> RECORDS SHOWN:

....................

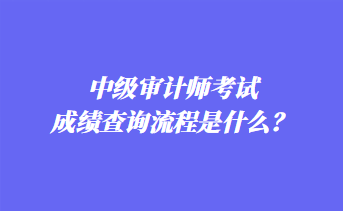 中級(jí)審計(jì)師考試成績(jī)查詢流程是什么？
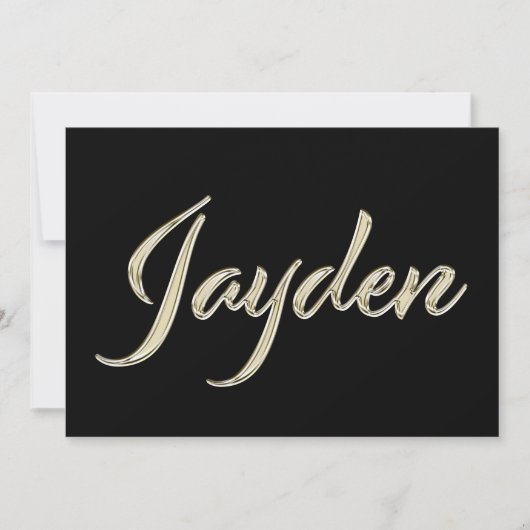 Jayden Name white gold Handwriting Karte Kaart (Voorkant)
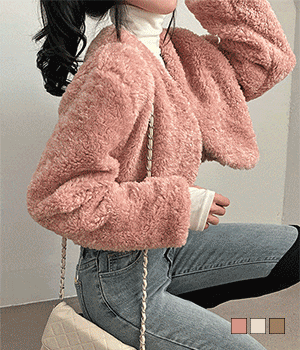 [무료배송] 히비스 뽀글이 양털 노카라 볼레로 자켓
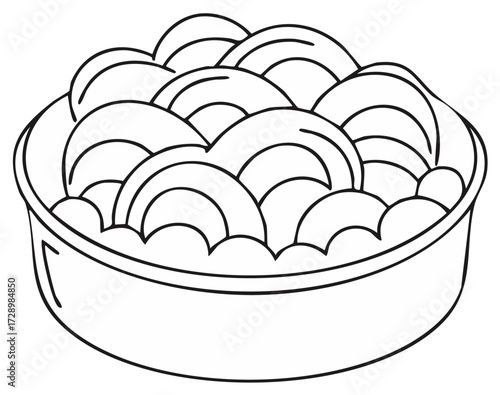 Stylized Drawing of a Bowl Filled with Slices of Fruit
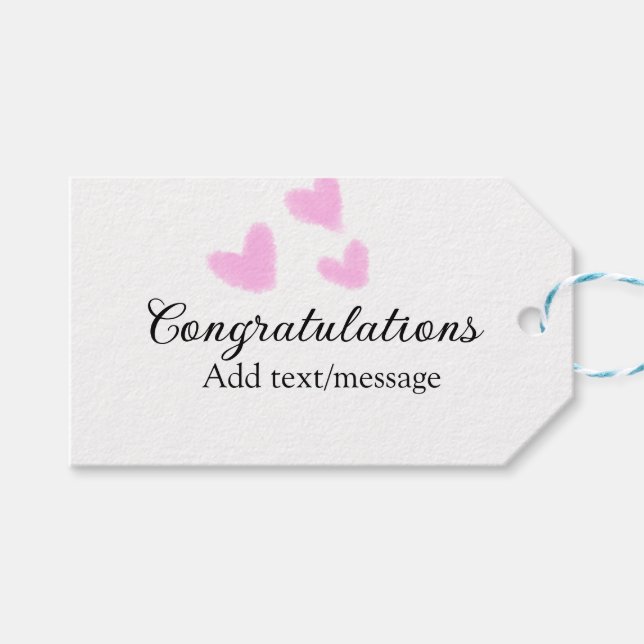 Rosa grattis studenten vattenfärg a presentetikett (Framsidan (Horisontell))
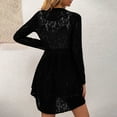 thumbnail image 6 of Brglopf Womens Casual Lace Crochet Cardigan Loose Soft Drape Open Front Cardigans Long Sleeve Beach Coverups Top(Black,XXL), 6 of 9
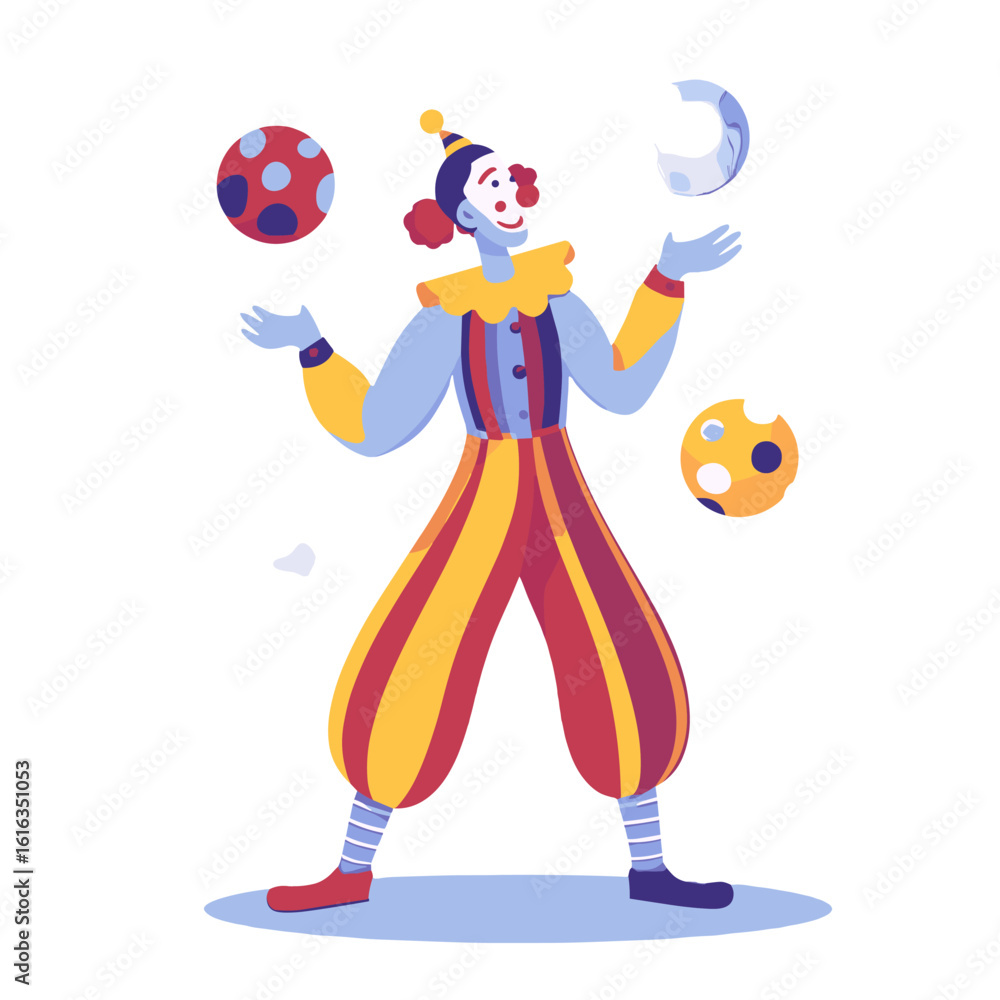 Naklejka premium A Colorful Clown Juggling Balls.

....................

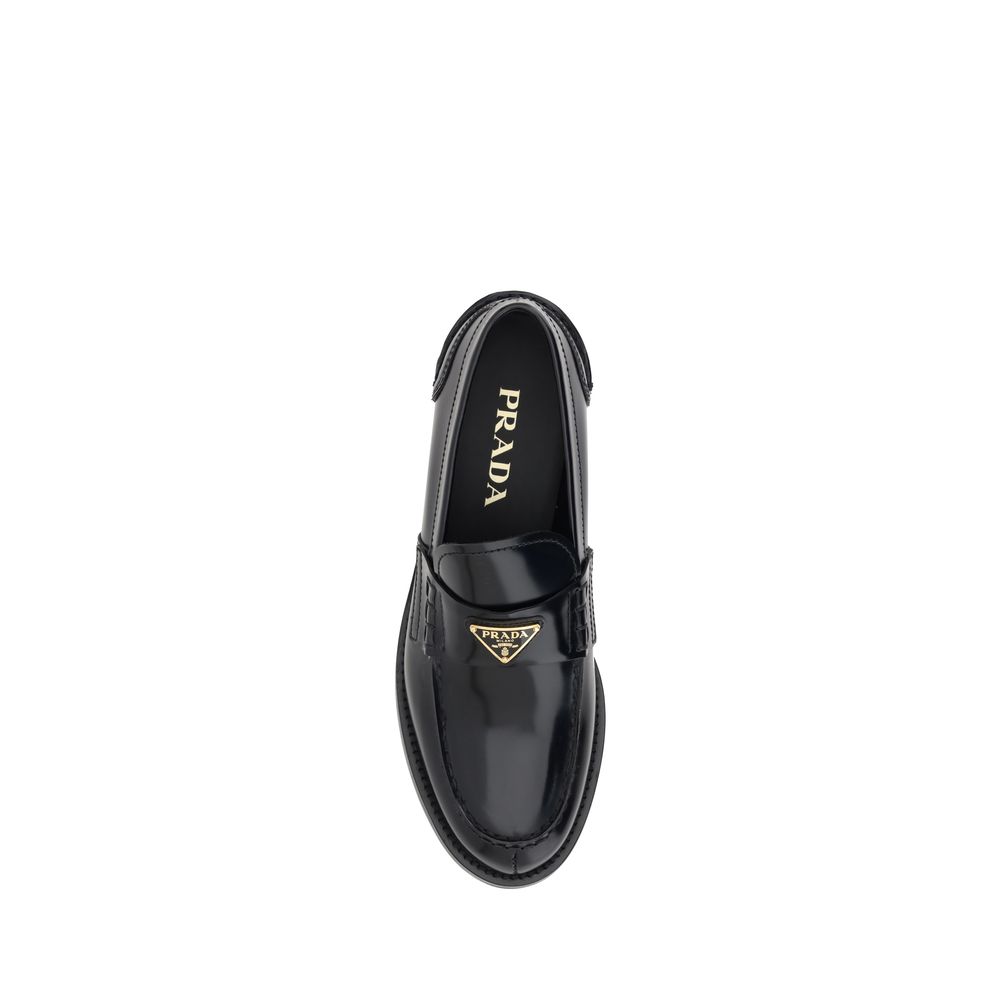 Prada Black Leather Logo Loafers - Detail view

....................

> YOUR GOAL: Every line above in the stretch from the one with "中級(jí)審計(jì)師考試成績(jī)查詢流程是什么？" through the one with "Naklejka premium A" is to be transcribed exactly, ends included. No picture is copied.

> RESULT FOR THIS TASK:
 中級(jí)審計(jì)師考試成績(jī)查詢流程是什么？
 Jayden Name white gold Handwriting Karte Kaart (Voorkant)
 [무료배송] 히비스 뽀글이 양털 노카라 볼레로 자켓
 Stylized Drawing of a Bowl Filled with Slices of Fruit
 Rosa grattis studenten vattenfärg a presentetikett (Framsidan (Horisontell))
 thumbnail image 6 of Brglopf Womens Casual Lace Crochet Cardigan Loose Soft Drape Open Front Cardigans Long Sleeve Beach Coverups Top(Black,XXL), 6 of 9
 Naklejka premium A Colorful Clown Juggling Balls.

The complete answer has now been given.